J.P. Morgan’s analysis, released ahead of its annual healthcare conference, shows that the number of seed and series A funding rounds dropped from 228 in 2024 to 191 in 2025. The total amount invested at these early stages also fell from $10.6 billion to $8.7 billion. In contrast, deals at series B and later stages saw smaller decreases.
The report notes that “heightened diligence standards and longer decision timelines for startups slowed early-stage activity.” Venture capital funds have increasingly directed resources toward later-stage assets that have already demonstrated some success in clinical trials. In 2025, there were 80 venture rounds with investment amounts exceeding $100 million.
Public investors have shown similar preferences. Both the number and value of initial public offerings (IPOs) declined compared to the previous year, with most companies going public being late-stage and modestly sized.
With less investor participation in IPOs and venture rounds, the focus shifted toward licensing deals between biopharma companies and biotech firms. In 2025, biopharma companies committed $252 billion to license assets, up from $190.6 billion in 2024. The average upfront share remained steady at 7%, resulting in more cash for biotech companies through these agreements.
Pharmaceutical firms continued to prioritize advanced drug candidates as they approached key patent expirations. Large biopharma companies paid an average of $185 million upfront for Phase III drug candidates in 2025—an increase from $53 million in 2024—while payments for earlier stage assets decreased overall except for a rise in preclinical program deals.

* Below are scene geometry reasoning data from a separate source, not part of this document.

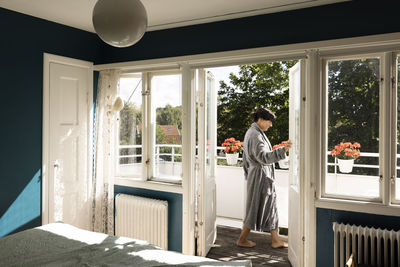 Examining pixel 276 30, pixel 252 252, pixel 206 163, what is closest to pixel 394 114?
pixel 276 30

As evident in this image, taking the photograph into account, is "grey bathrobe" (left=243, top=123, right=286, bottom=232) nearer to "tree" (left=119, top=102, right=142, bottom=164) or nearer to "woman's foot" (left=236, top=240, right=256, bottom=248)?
"woman's foot" (left=236, top=240, right=256, bottom=248)

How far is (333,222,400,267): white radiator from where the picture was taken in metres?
2.38

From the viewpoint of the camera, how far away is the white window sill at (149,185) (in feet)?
11.1

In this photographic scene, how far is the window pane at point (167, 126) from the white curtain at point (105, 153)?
534 mm

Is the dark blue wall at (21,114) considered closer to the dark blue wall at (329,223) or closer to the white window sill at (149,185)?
the white window sill at (149,185)

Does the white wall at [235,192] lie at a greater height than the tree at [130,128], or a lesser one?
lesser

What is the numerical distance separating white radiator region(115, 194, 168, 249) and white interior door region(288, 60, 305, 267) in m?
1.37

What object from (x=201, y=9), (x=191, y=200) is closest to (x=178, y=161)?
(x=191, y=200)

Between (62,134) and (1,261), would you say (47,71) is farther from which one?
(1,261)

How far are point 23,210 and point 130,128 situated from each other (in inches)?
57.3

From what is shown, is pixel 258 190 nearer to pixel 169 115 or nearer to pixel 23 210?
pixel 169 115

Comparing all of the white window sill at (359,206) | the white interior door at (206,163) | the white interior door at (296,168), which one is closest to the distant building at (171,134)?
the white interior door at (206,163)

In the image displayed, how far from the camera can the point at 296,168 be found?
3.19 m

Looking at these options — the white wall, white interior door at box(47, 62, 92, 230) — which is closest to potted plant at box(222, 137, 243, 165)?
the white wall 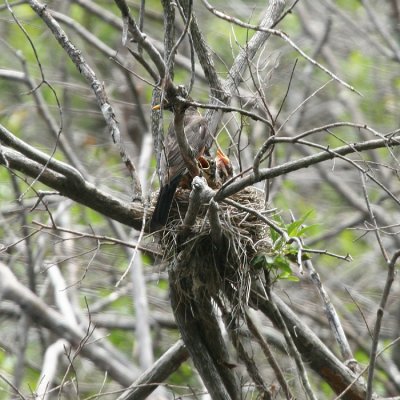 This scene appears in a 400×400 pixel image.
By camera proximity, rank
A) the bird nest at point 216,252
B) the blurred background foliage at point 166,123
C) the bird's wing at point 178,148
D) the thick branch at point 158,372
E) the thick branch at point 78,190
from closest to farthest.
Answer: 1. the thick branch at point 78,190
2. the bird nest at point 216,252
3. the bird's wing at point 178,148
4. the thick branch at point 158,372
5. the blurred background foliage at point 166,123

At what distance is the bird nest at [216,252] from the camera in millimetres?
5277

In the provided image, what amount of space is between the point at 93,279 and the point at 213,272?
4835 mm

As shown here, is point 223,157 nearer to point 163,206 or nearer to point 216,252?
point 163,206

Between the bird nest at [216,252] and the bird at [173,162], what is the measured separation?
95 millimetres

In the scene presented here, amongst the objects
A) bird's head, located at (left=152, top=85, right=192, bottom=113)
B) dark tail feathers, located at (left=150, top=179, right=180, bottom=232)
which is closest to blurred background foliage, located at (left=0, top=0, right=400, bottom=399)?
dark tail feathers, located at (left=150, top=179, right=180, bottom=232)

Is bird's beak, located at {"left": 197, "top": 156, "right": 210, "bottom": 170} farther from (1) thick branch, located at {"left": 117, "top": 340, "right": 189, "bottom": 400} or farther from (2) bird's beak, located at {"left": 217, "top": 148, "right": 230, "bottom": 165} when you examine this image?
(1) thick branch, located at {"left": 117, "top": 340, "right": 189, "bottom": 400}

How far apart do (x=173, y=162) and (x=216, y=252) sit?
2.70ft

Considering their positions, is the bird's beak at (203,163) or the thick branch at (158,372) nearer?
the thick branch at (158,372)

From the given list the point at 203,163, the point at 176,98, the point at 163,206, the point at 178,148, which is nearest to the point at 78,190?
the point at 163,206

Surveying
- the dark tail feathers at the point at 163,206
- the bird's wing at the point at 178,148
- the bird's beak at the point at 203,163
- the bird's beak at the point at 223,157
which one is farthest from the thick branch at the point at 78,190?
the bird's beak at the point at 223,157

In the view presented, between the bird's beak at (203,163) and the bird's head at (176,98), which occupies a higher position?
the bird's head at (176,98)

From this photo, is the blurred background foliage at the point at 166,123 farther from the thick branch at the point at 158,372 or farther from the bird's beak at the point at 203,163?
the thick branch at the point at 158,372

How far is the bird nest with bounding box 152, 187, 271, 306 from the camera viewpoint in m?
5.28

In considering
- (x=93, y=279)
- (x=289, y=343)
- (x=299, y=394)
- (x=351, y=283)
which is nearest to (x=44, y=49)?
(x=93, y=279)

The trend led to fewer licensing transactions with upfront fees below $10 million or between $10 million and $99 million, while deals valued above $100 million increased from 34 in 2024 to 41 last year.
As the industry moves into early 2026, there are signs of renewed venture capital activity. Parabilis Medicines closed a $305 million series F round alongside new financings announced by Alveus Therapeutics, Beacon Therapeutics, Corsera Health, Diagonal Therapeutics, EpiBiologics, Protege, and Rakuten Medical—all featuring advanced clinical programs.
Major biopharma dealmaking has also continued into the new year with acquisitions by Amgen and Eli Lilly. Lilly has entered new licensing agreements—including one for an obesity asset—and AbbVie and Pfizer have announced similar deals focusing on areas such as cancer therapies.
“Heightened diligence standards and longer decision timelines for startups slowed early-stage activity,” J.P. Morgan analysts stated in their report.